** REQUIRED ACTION **
Only the lines from the one containing "3/1pc Reflektierende Kunst" through the end of the data below should be copied, each exactly as written and with both ends kept.

━━ DATASET EXCERPT

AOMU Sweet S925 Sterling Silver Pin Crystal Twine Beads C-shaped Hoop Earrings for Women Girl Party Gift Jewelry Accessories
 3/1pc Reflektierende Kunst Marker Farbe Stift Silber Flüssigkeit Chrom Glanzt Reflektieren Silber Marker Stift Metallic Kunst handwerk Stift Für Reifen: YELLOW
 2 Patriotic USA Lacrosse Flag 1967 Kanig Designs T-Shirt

━━━━

** TASK SOLUTION **
 3/1pc Reflektierende Kunst Marker Farbe Stift Silber Flüssigkeit Chrom Glanzt Reflektieren Silber Marker Stift Metallic Kunst handwerk Stift Für Reifen: YELLOW
 2 Patriotic USA Lacrosse Flag 1967 Kanig Designs T-Shirt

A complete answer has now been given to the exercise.